The poll, released by ABC News and Ipsos, asked if Americans felt that Trump’s request to Ukrainian President Volodymyr Zelenskiy was wrong. Of those polled, 51 percent felt that Trump was wrong and should be removed from office, while 19 percent said that the US president was wrong but should retain his elected position.
The conversation between Trump and Zelenskiy, where the US president asked that Ukraine investigate former Vice President Joe Biden, and Biden’s son Hunter, sparked an ongoing impeachment investigation into Trump’s actions.
The survey from ABC News and Ipsos Poll was conducted on November 16 and 17, among 506 adults. ABC News reported that 58 percent of respondents were following the impeachment hearings “very or somewhat” closely.
On Twitter, a number of users gave their two cents about the poll’s results and their possible implications for impeachment and the 2020 presidential election.
John Harwood, a journalist who is an editor-at-large for CNBC, wrote that “the truth is being made plain” and “it matters.”
Ryan Fournier, who, along with Charlie Kirk, co-founded the organization Students for Trump, wrote that the Democrats who want to impeach the president should learn how “to impeach 70,000,000 Americans”—evidently referring to the number of Americans he believes still harbor earnest support for the president.
“Trump is not one man,” Fournier wrote. “He is all of us!”
In response to the poll, Twitter user @Bashowicks wrote that the 70 percent of Americans who thought that what the president did was wrong would be “on the right side of history,” while the rest revealed themselves to be fine with “GOP corruption and a foreign country controlling our elections.”
Rob Reiner, a filmmaker known for directing Misery and The Princess Bride, referenced the poll’s results and wrote that “[f]lop sweat is pouring out of Trump and the GOP. Their desperate attempts at obfuscation is pathetic and not working.”
“70% is a super-majority,” wrote user @HawaiiDelilah. “No matter whether or not the Senate votes to convict and he is removed, Donald Trump will be going into the 2020 election as a weak candidate, with the vast majority of Americans knowing he is responsible for wrongdoing.”
“70% of Americans has been pretty consistent against the remainder who seem to be stalwarts in their ignorance and/or bigotry,” tweeted author Kwanza Osajyefo. “It’s disappointing how gullible that segment is to propaganda and conspiracy juse because it fluffs their fragile egos.”
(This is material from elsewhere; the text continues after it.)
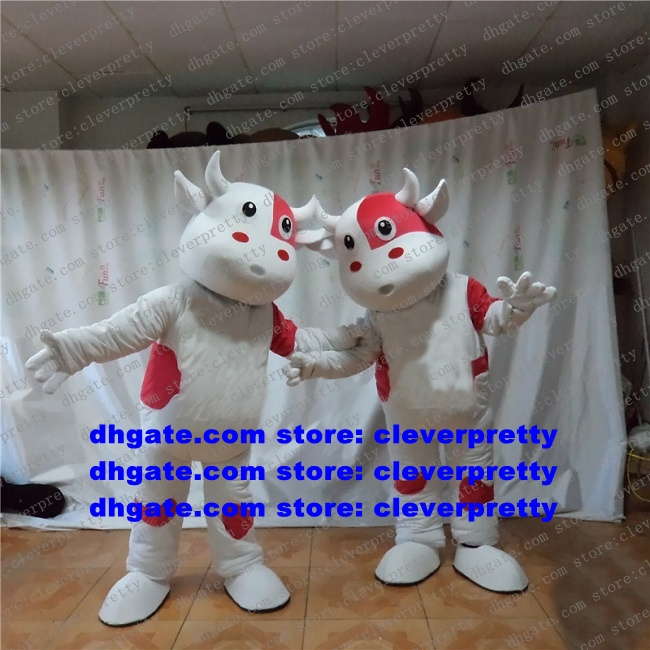 

White Red Cow Bossy Cattle Calf Mascot Costume Adult Cartoon Character Advertisement And Publicity Etiquette Courtesy zx2414, As in photos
Some other users, like @Tyler_Fay, noted that just 506 people were surveyed for the poll, which they believed could not possibly accurately reflect the opinions of the United States as a whole.
However accurate the results, user @startlepup implied that the poll would ultimately have little bearing on the outcome of the impeachment hearings, because “100% of Repub[l]ican senators do not care what 70% of Americans think.”